Les bénéfices de la provocation
Elle provoque des débats
Rien de tel que d’aller à contre courant de la pensée générale pour entrainer une discussion. C’est d’ailleurs ce que l’on conseille aux écrivains et blogueurs, écrivez quelques articles de ce type et vous entrainerez des réactions. Reste le dosage à gérer …
Elle suscite des questionnements
Une fois l’attention du public captée, une campagne bien orchestrée amènera à se poser des questions. Sur des thèmes tels que la lutte contre le tabac, la sécurité routière, etc, c’est le but recherché.
Elle peut avoir des vertus pédagogiques
Une fois la phase de questionnements passée, on espère que le public en tire des leçons … et les applique ! Il faut plus que des campagnes de pubs TV pour changer des comportements, mais une campagne de prévention complète (associée à d’autres éléments comme la répression sur les routes par exemple) permet d’obtenir des résultats probants qui s’inscrivent dans la durée.

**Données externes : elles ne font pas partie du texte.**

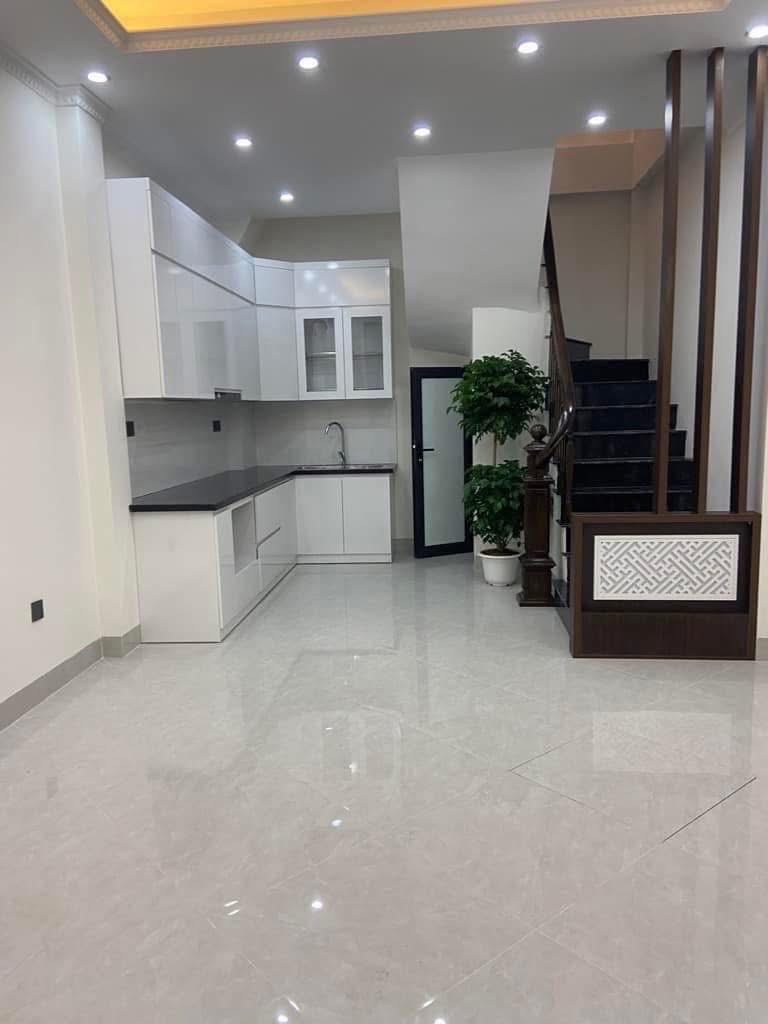 Bán nhà 4 tầng trong ngõ cách ô tô 20m gần chợ gần trường
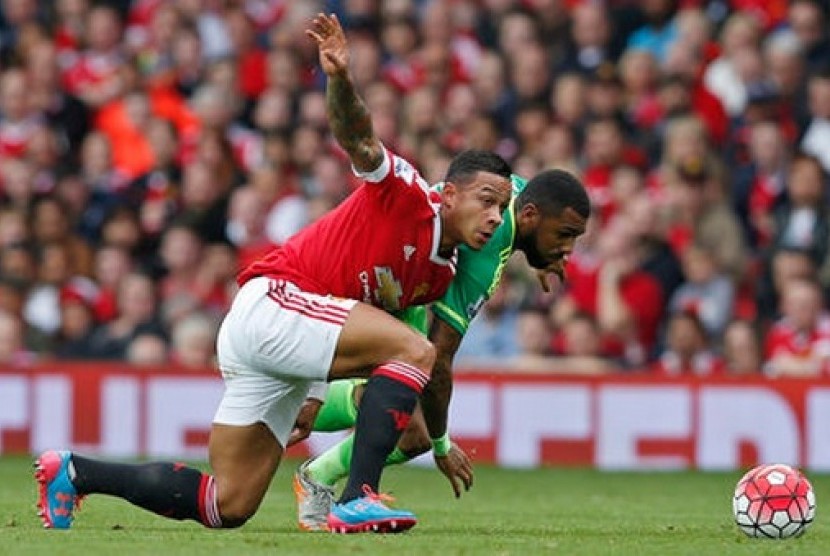 Memphis Depay (merah) pencetak gol Manchester United ke gawang Sunderland.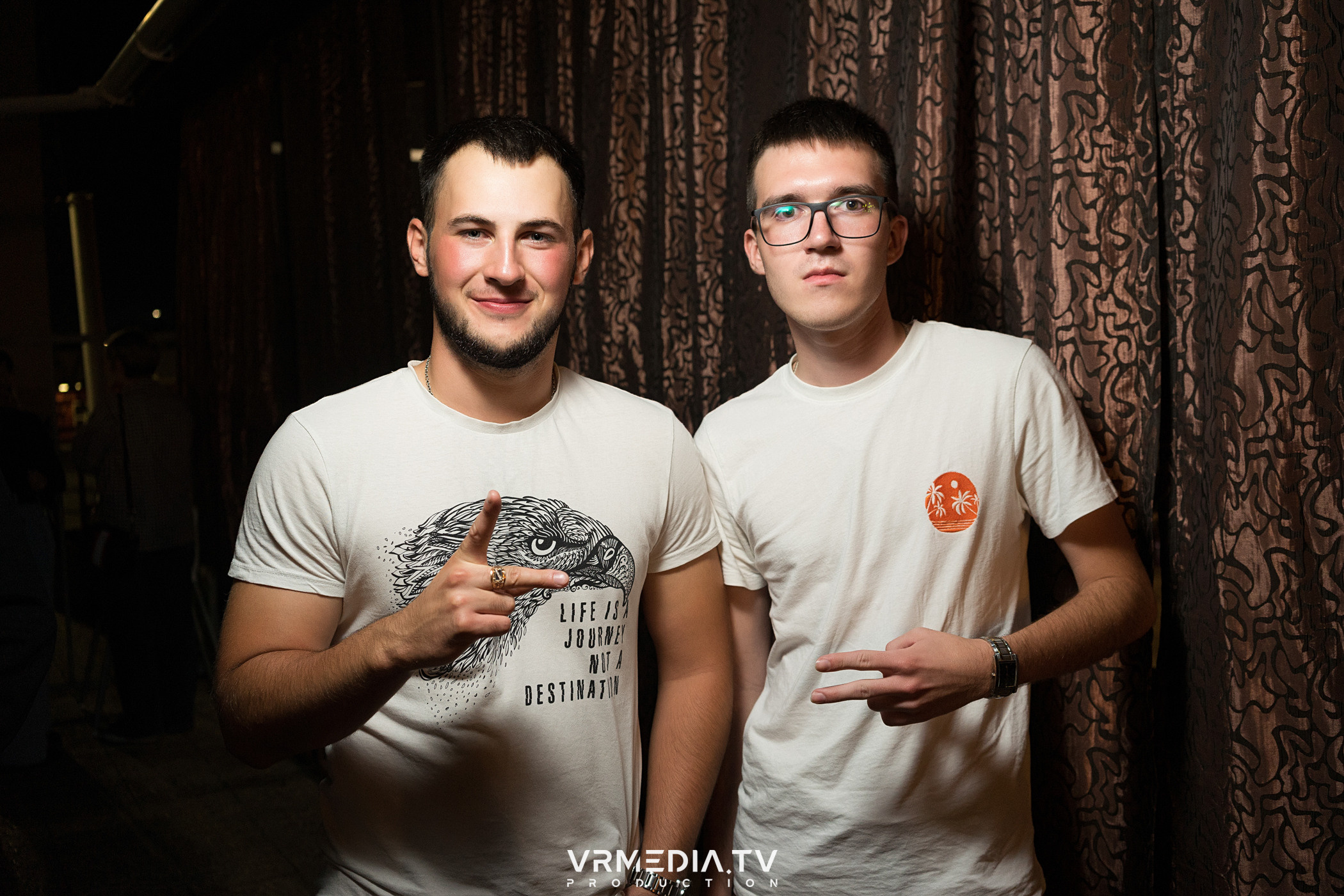 Выходные в баре «DOSKI»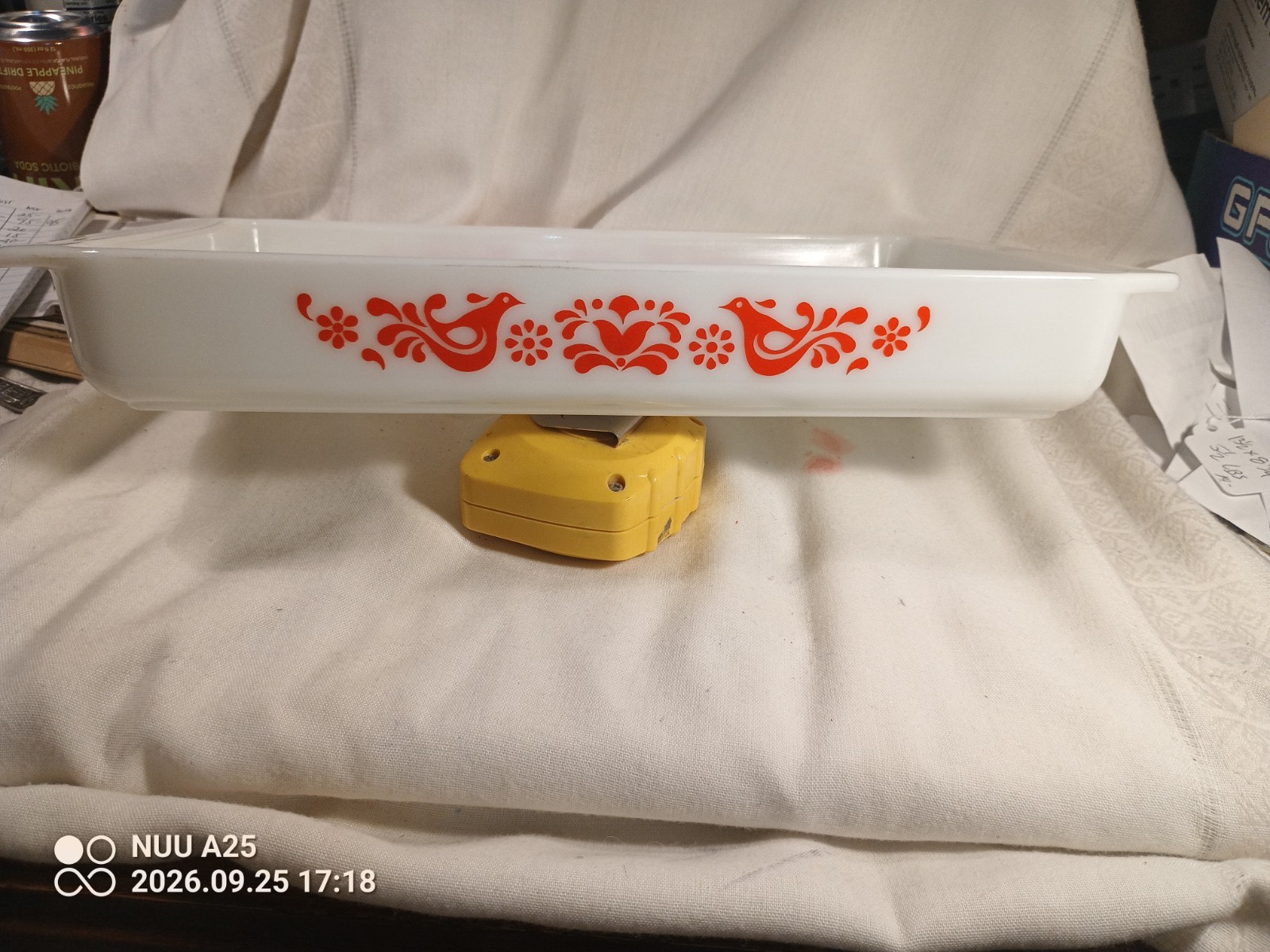 VINTAGE PYREX FRIENDSHIP RED BIRDS PATTERN LARGE LASAGNA BAKING DISH PAN #933 VINTAGE PYREX FRIENDSHIP RED BIRDS PATTERN LARGE LASAGNA BAKING DISH PAN #933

Les risques de la provocation
Le risque principal est d’aller trop loin, de trop vouloir en faire et de se brûler les ailes. La sentence est rapide (surtout à l’heure des réseaux sociaux) : le bad buzz ! Construire l’image de son entreprise est un travail long et fastidieux, la détruire est extrêmement rapide !
Avec les polémiques qui fleurissent depuis deux jours sur la blogosphère, je me faisais justement la remarque que certains blogs semblent attendre la polémique pour publier, parce qu’ils savent que le sujet sera commenté, partagé, réseauté …
Est-ce bien raisonnable ?
En réalité, j’ai écris cet article avant les polémiques du week-end. Après ce qu’il s’est passé, il m’a semblé nécessaire de rajouter un tout petit paragraphe sur ce petit épisode politique.